We were lucky to be blessed with absolutely beautiful weather on our first full day in Cortona, and lucky for me, that was market day! Of all of the fresh produce stands I have seen, this one beats them by a long shot. Every single fruit and vegetable here is just hitting its peak season, and I probably spent more money buying fruit and vegetables that day than I have yet anywhere else in Cortona.
But before I could go to the market, I had to start my day with this:
Then it was on to the market.
I ended up buying strawberries, a few bunches of sweet cherry tomatoes, several blood oranges and a bag of cherries. Over the next few days, I was always very glad to have fresh fruit with me for an afternoon snack.
We moved on from the produce section of the market over to where the real action was going on: the seafood, meat and cheese stands. There were cases full of fresh seafood, from little clams to huge lobsters and fresh squid. It easily topped any seafood market I’ve seen at home, but I’ve learned that is just the way of Italy: everything’s better here.

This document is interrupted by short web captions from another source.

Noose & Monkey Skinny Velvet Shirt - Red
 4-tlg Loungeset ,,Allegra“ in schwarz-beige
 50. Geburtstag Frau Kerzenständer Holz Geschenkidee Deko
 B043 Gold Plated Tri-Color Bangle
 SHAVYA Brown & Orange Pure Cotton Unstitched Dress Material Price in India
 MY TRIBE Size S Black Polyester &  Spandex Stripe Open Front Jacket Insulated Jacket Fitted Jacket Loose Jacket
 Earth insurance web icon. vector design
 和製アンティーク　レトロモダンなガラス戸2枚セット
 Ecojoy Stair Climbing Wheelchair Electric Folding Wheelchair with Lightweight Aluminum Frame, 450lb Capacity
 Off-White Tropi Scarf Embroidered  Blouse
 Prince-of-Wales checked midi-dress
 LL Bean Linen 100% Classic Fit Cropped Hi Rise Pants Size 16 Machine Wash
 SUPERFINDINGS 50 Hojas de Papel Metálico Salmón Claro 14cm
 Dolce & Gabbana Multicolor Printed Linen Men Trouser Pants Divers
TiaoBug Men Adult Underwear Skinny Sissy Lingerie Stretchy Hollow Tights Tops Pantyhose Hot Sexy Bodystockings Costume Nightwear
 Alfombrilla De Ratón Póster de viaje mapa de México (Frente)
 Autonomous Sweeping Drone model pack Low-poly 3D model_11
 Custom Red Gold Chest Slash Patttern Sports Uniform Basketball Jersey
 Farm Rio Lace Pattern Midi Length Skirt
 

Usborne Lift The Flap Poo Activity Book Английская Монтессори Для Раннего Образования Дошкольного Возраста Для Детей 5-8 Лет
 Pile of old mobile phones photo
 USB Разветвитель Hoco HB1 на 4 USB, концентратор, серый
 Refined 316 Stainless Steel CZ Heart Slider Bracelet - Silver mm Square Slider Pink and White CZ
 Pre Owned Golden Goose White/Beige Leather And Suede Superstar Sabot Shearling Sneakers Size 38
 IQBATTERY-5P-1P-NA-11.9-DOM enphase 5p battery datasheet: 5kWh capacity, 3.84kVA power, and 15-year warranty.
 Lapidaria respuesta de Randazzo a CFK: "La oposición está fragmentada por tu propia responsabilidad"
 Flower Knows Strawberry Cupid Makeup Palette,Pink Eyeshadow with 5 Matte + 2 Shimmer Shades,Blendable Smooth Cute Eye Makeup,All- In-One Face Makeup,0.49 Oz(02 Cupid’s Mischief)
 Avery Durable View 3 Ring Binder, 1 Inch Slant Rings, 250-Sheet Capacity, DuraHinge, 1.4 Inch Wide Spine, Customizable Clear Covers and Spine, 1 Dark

Some of the food in the market was stuff I had never seen before: huge tubs of salted fish, cheeses I had never heard of, and aged meats hanging from twine on the top of the stands. And then there was this:
Yes, that is the head of a huge pig. Or perhaps a boar. I can’t really be sure, but what I do know is that this man was chopping meat off of the pig and laying it on toasted rolls and serving them for 3 euros. If I’m in Cortona next Saturday when the market is back in town, I will be getting one of those sandwiches. Just to say I did.
We left the market at lunch time and spent the rest of the day exploring Cortona, finding beautiful homes and narrow winding streets that led off to other piazzas, full of their own stores and restaurants. I can’t post all of the pictures on here, but here are a few of the beautiful places I found in Cortona that day.
I’ve also started my collection of door pictures, which was an idea I got from multiple people. Won’t be hard to make a college with all of the beautiful and unique doors I’ve seen here.
My day in town ended with a soccer game and dinner at Tonino’s. There has been so much going on the past few days that this is only a very brief, condensed chunk of my time here thus far. But I’ll do my best to find time to update this blog more often before I begin all of my trips to other cities around Cortona.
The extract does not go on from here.